32 Tote bei IS-Terroranschlag in türkischer Grenzstadt

Bild: Reuters
In der türkischen Grenzstadt Suruc ist am Montag im Garten eines Kulturzentrums eine Bombe explodiert. Mindestens 32 Menschen wurden getötet, rund hundert verletzt. Augenzeugen sprechen von einem Selbstmordanschlag, die Türkei macht die Terrorgruppe Islamischer Staat (IS) verantwortlich.
In der türkischen Grenzstadt Suruc ist am Montag im Garten eines Kulturzentrums eine Bombe explodiert. Mindestens 32 Menschen wurden getötet, rund hundert verletzt. Augenzeugen sprechen von einem Selbstmordanschlag, die Türkei macht die Terrorgruppe (IS) verantwortlich.

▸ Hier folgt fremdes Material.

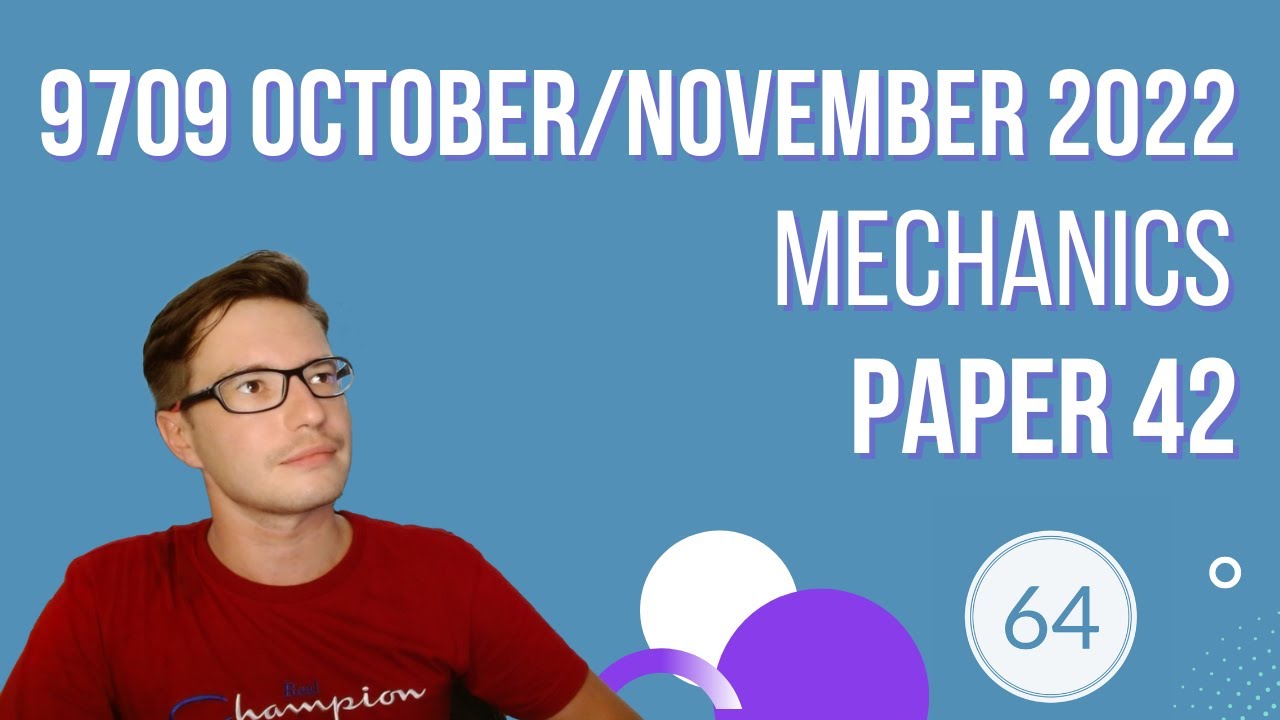 9709/42/o/n/22 CAIE A&As level mechanics paper from oct nov 22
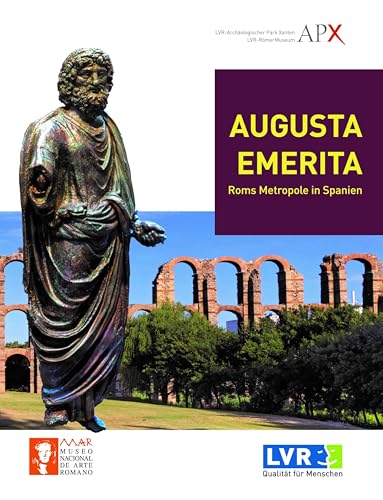 Augusta Emerita: Roms Metropole in Spanien (Xantener Berichte)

In der Innenstadt von Suruc, nahe der türkisch-syrischen Grenze, steht ein von der kurdischen Stadtverwaltung betriebenes Kulturzentrum, das für Solidarität steht. Am Montag explodierte inmitten einer Anti-IS-Veranstaltung im Garten eine Bombe, die mindestens 32 Menschen tötete. Die türkische Regierung, die den Anschlag bestätigte, spricht von über 100 Verletzten.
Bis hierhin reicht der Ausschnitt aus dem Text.